_Task details:_
Look below for the line that contains "molecular formula C17H25N3O3S" and the line that contains "Ciao Bella Upholstered Bed - Image 6", then restate both of them and every line in between, exactly. No picture goes in the copy.

_Records:_

____________________

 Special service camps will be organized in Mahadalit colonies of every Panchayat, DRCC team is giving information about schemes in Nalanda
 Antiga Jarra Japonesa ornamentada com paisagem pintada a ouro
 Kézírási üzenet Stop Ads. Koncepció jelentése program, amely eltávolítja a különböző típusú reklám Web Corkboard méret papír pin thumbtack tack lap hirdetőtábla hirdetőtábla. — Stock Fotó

____________________

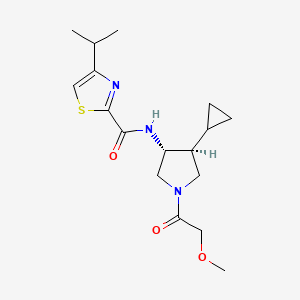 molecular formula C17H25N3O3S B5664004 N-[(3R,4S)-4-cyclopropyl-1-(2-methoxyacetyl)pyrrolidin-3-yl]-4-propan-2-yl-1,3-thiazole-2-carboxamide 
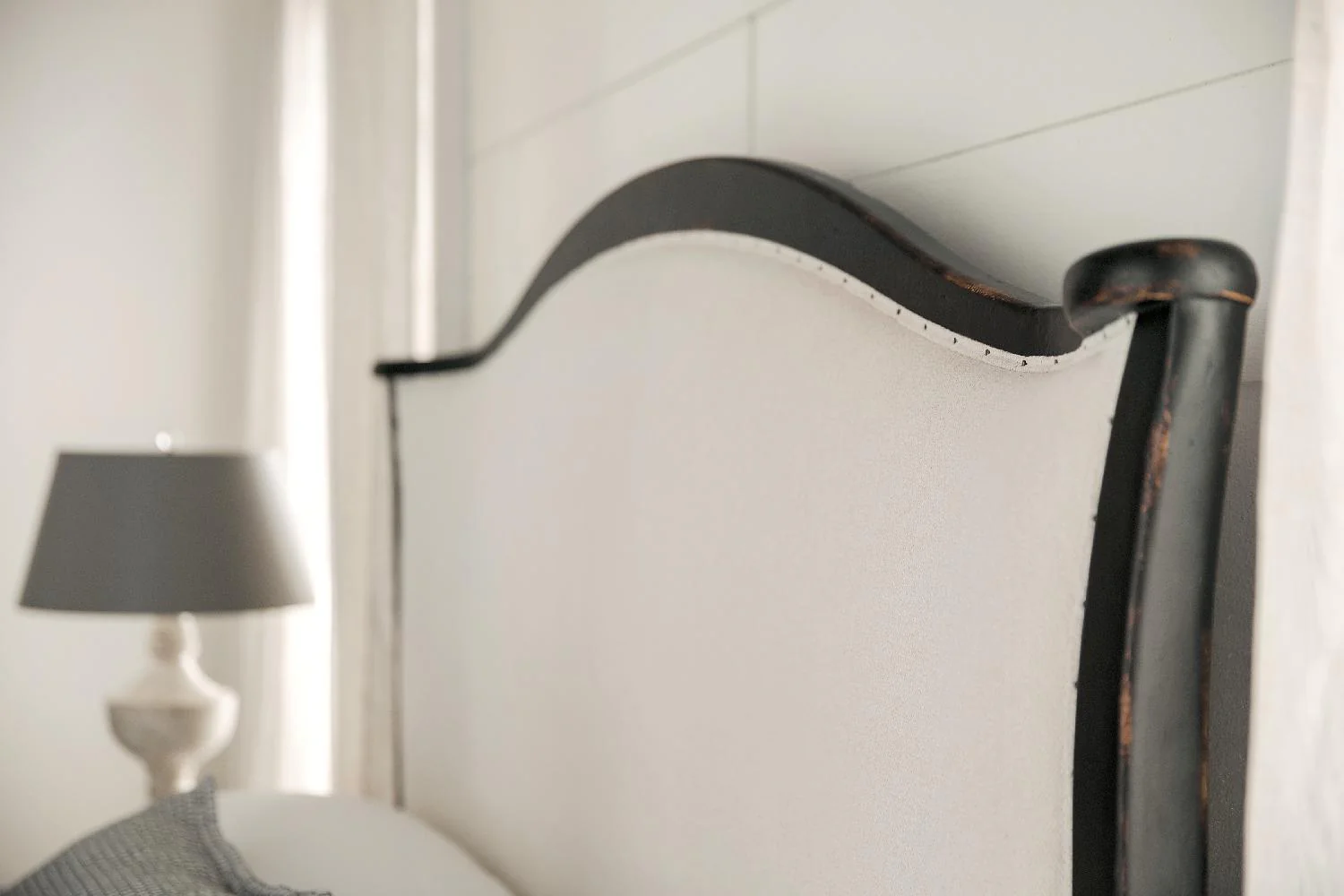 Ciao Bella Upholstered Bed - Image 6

____________________

_Answer space:_
 molecular formula C17H25N3O3S B5664004 N-[(3R,4S)-4-cyclopropyl-1-(2-methoxyacetyl)pyrrolidin-3-yl]-4-propan-2-yl-1,3-thiazole-2-carboxamide 
 Ciao Bella Upholstered Bed - Image 6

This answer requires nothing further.